Agentic AI makes AEO and GEO preparedness all the more urgent. If your knowledge, content, and governance are well structured today, you can use GEO to let agents generate high‑quality outputs at speed, and AEO to ensure those outputs help position your brand as the trusted answer inside the very AI systems your customers are using.

So now what? A three-phased plan

In the short-term, the work required may be unglamorous but it is vital and applies to marketing leaders across the globe. CMOs need to get their house in order. They should clean, consolidate and structure their data and knowledge so the brand’s own best answers are actually findable. For instance, brands can transform untapped internal resources, like call center data and customer service logs to help them build content roadmaps.

In the medium-term, they should start orchestrating AI‑enabled workflows across research, content and customer experience, but with clear guardrails and human oversight.

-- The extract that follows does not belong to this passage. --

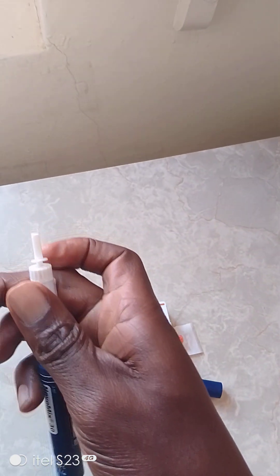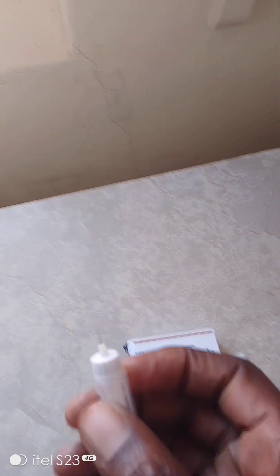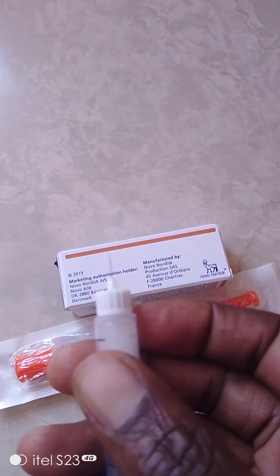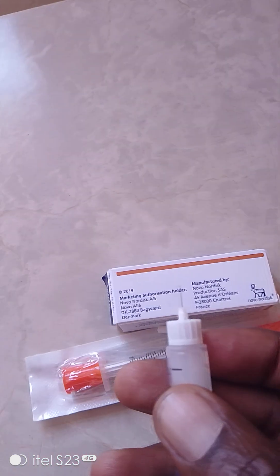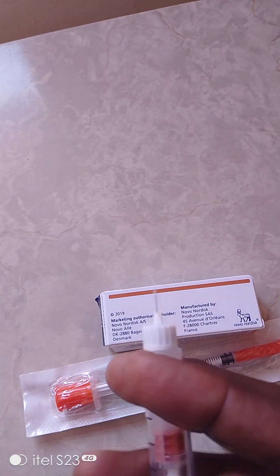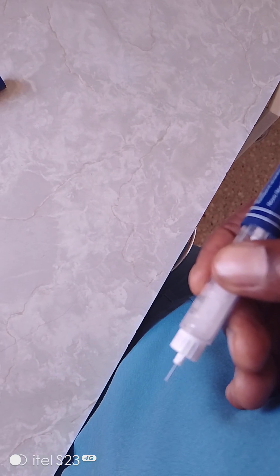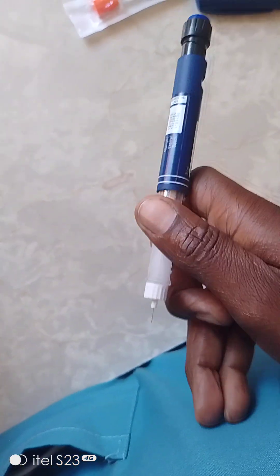Now remove the stopper. When you remove the stopper, you'll be able to note that there is a small needle there - it's very thin. That needle is very small and it's meant for subcutaneous injection. When injecting, you don't need to bend the needle to search for subcut. It's been measured - just go 90 degrees on the tummy, straight.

In the long-term, leaders should treat their knowledge architecture as a living, core asset and stay LLM‑agnostic. This will allow them to plug into whatever new agentic platforms emerge without starting again.

In short, marketing leaders hoping to compete in the answer economy should focus on embracing GEO and AEO together, investing in original content, and building a disciplined knowledge infrastructure, ready for agentic AI.

But the main thing to remember is not to panic. We’ve been adapting to technological shifts since the dawn of marketing. This one is no different in spirit, just faster in pace.

About Jonathan Greene

Jonathan Greene is the executive VP Americas at RocketSource by Incubeta.